Montfort's goals in this book are two-fold:
- Make a claim for the literary merit of a body of computer programs that have common characteristics.
- Produce a history for his formulation of "interactive fiction"
In this text, Montfort lays out his frame for defining interactive fiction (23):
- a text-accepting, text-generating computer program (parser based)
- a potential narrative, that is, a system that produces narrative during interaction
- a simulation of an environment or world
- a structure of rules within which an outcome is sought, also known as a game
Interactive fiction, then, in Montfort's estimate, is game with an active world, potential narrative, and by which language is the primary motivator of narrative progress. First Montfort examines the riddle as a primary ancestor of IF, in which "the literary and puzzling aspects of the form are hardly inherently antagonistic, but rather must work together for the effect of certain IF works to be achieved" (63). Following this, his third chapter offers a three-pronged history for the IF object:
- as a literary object (seen through the lens of literary machines--I-Ching, Cent mille milliard de poemes, Choose Your Own Adventure [Montfort doesn't explore this example, likely because he wants to insist on "literary" merit)
- as a gamerly object (through the lens of D&D and early computer games)
- as a computational object (through the lens of MIT's early computer games and natural language processors--Spacewar!, chess automatons, ELIZA, SHRDLU)

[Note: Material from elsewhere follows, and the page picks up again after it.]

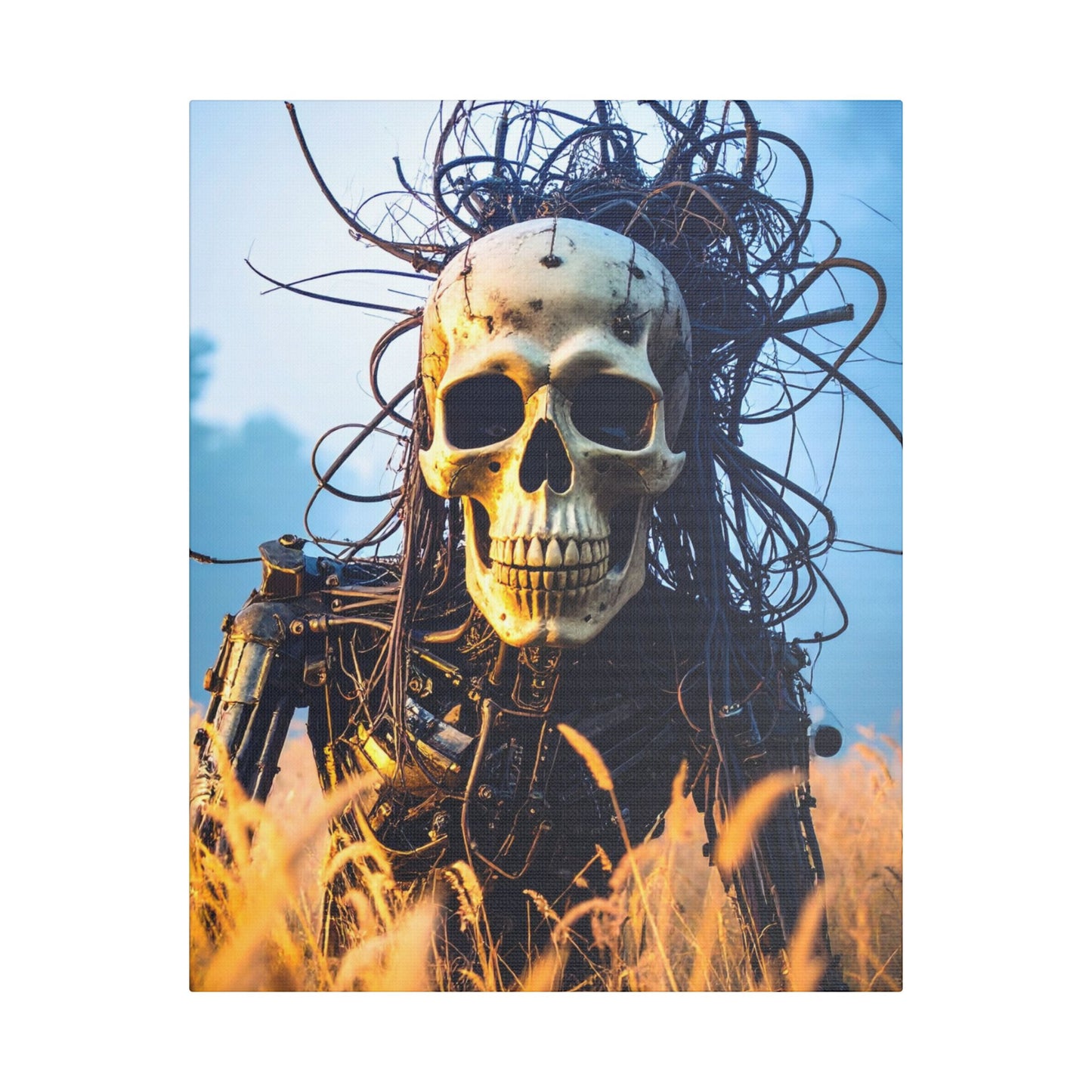 Stylish Skull Wall Art Canvas, Edgy Home Decor, Perfect for Halloween, Gothic Themed Room, Unique Gift Idea, Art Lover's Collection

After perusing the genealogy of IF, Montfort explores Adventure, the first proper piece of IF. The game was programmed and made available on ARPANet in 1976 by William Crowther. Crowther, an experienced caver, developed the game for his children following a divorce. In an bit of network collaboration now made infamous as part of the "official story" of Adventure, Don Woods found an instance of the game on ARPANet while working at the Stanford Artificial Intelligence Lab. Woods found Crowther via electronic mail, and used Crowther's source code to produce an expanded, less buggy version of the game. Important aspects of Adventure include:
- the game's collaborative origins
- text-based game interface
- "close reading" the adventure game
- discovery and exploration rather than speed and agility in gameplay
Zork, Infocom and the IF CommunityEdit
The following two chapters focus on a close reading of Zork, and then a chronological history of Infocom's work--basically several page summaries and critiques of individual or group works. Montfort does acknowledge the move toward image through the work of Sierra and other companies, but outrightly describes Infocom as "the most important American company" (169) and considers the only work comparable to what Infocom did to be done abroad. Montfort then pursues independent IF, exploring the now indy community of IF authors who have little market for their work (they are mostly organized through Usenet listservs). Montfort closes heralding the vibrancy of IF and electronic fiction in general, and his work is one among a body attempting to substantiate this work in academia.